On page 91 is found Fig. 4-3 Vector (phasor) diagrams showing manner in
which incident and reflected waves combined to produce a voltage
distribution on the transmission line.

At an open circuit, the voltage phasors are in-phase.

E2, the reflected phasor, rotates clockwise as it travels back toward
the source.

E1, the incident phasor, rotates counter-clockwise as we look back
toward the source.

Looking 1/4-wavelength back from the open-circuit, E2 and E1, each
having rotated 90-degrees, but in opposite directions, are now
180-degrees out-of-phase.

On page 92, Fig. 4-4 shows the current, which summed to zero at the open
circuit, has risen to its maximum value at 1/4-wavelength back from the
open-circuit while the voltage dropped to its minimum, nearly zero,
maybe close enough to declare a "virtual short-circuit", 1/4-wavelength
back from the open-circuit.

What`s a short-circuit? Little voltage and much current.

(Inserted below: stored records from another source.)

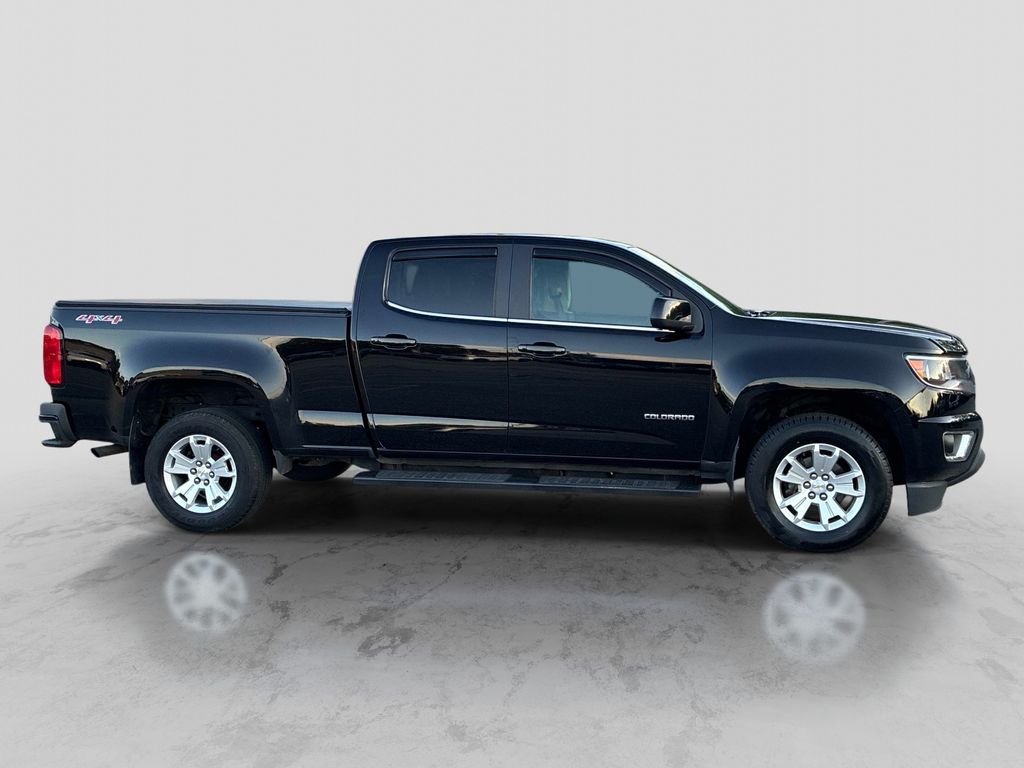 Used 2017 Black Chevrolet LT image 8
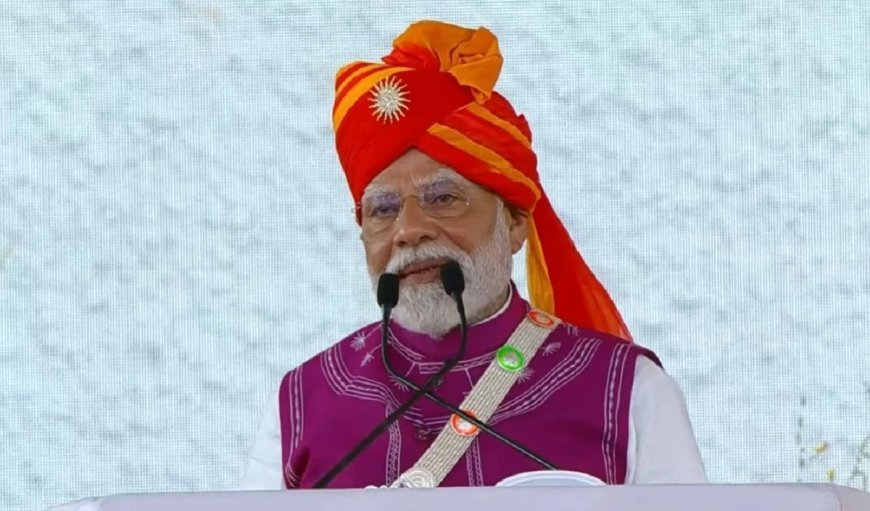 गुजरात को PM Modi का तोहफा, बोले- देश ने दशकों पुरानी बेड़ियों को तोड़ा है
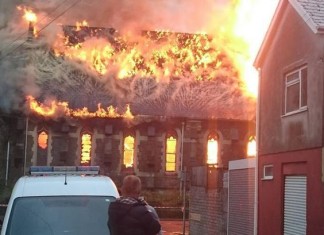 face church fire, Can you see the faces in this church inferno?, burning church face, face during church fire, face observed in flaming church, face church blaze, pareidolia, pareidolia example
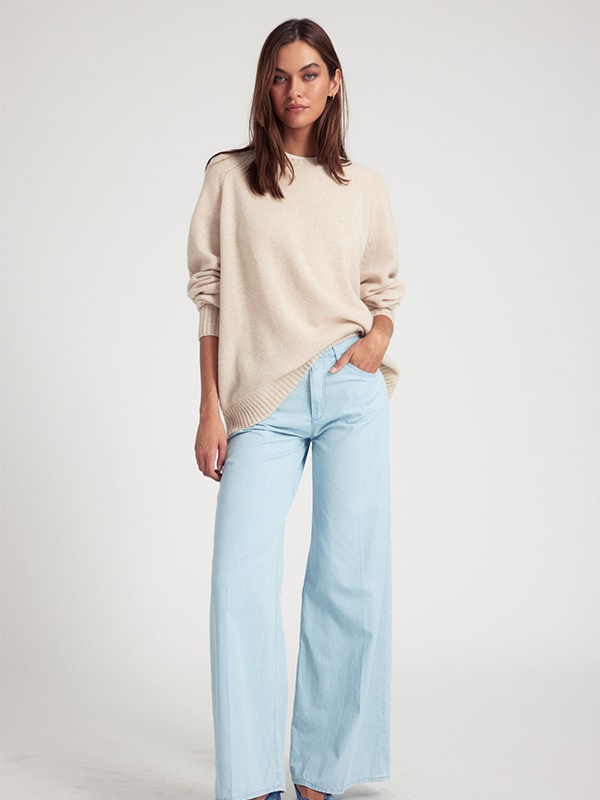 экипажа шеи свитер с овальным вырезом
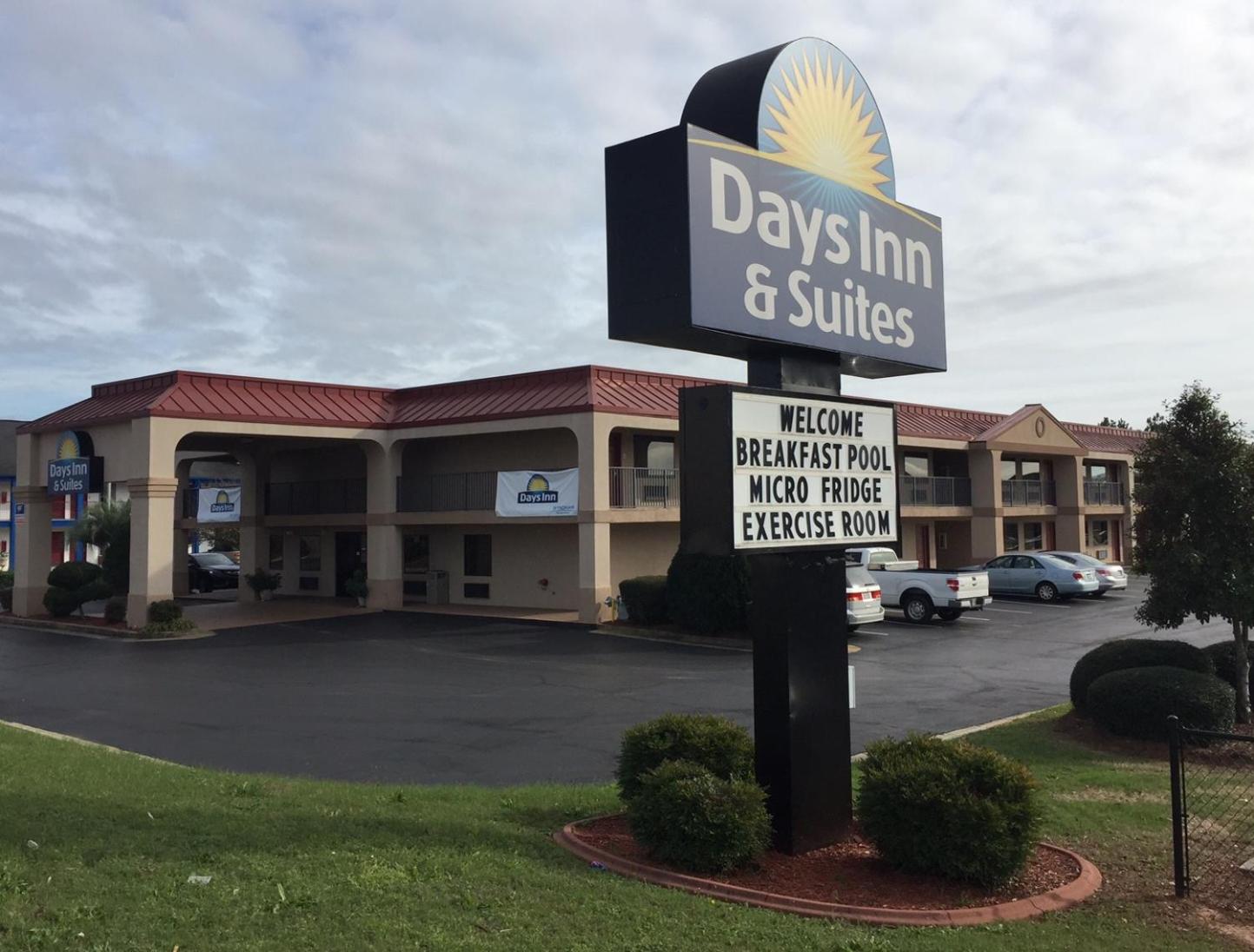 Days Inn & Suites by Wyndham Warner Robins Near Robins AFB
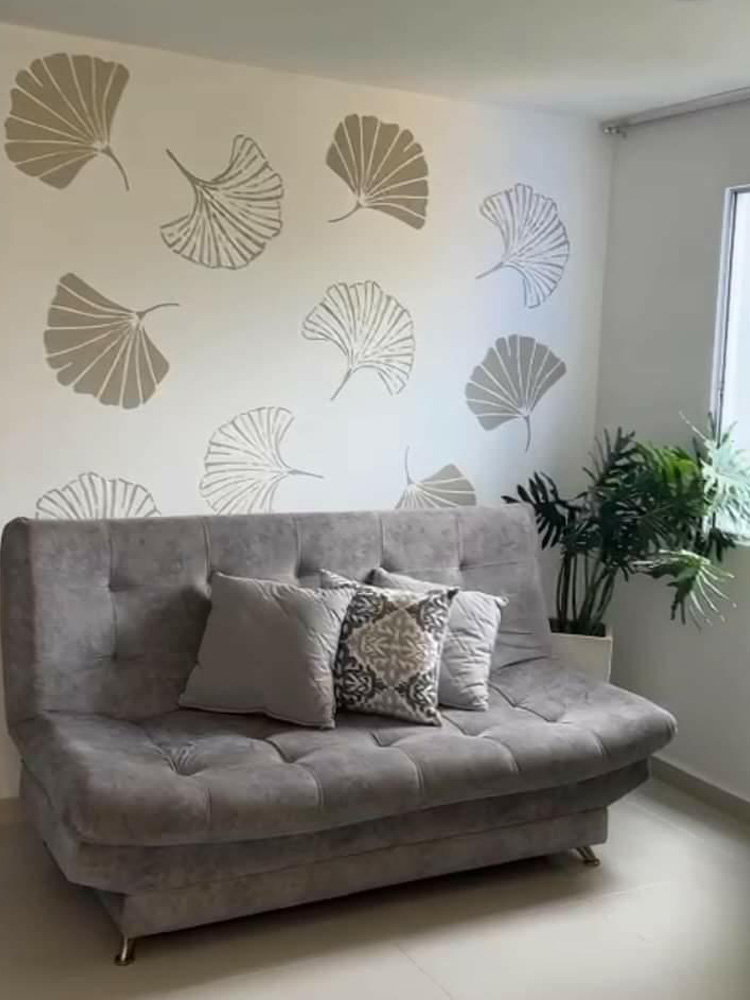 Mural de Silvia con la colección Ginkgo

What`s the difference between a physical short and the virtual short?
Nothing except the shunting conductor.

Is there current flowing at the open-circuit end of the 1/4-wave line
segment? No, the open-circuit won`t support current.

If a high-impedance generator of the same frequency were connected to
the virtual short point on the line, would it also be shorted? Yes.
Where? At the virtual short, not the open-circuit at the end of the
line.

Best regards, Richard Harrison, KB5WZI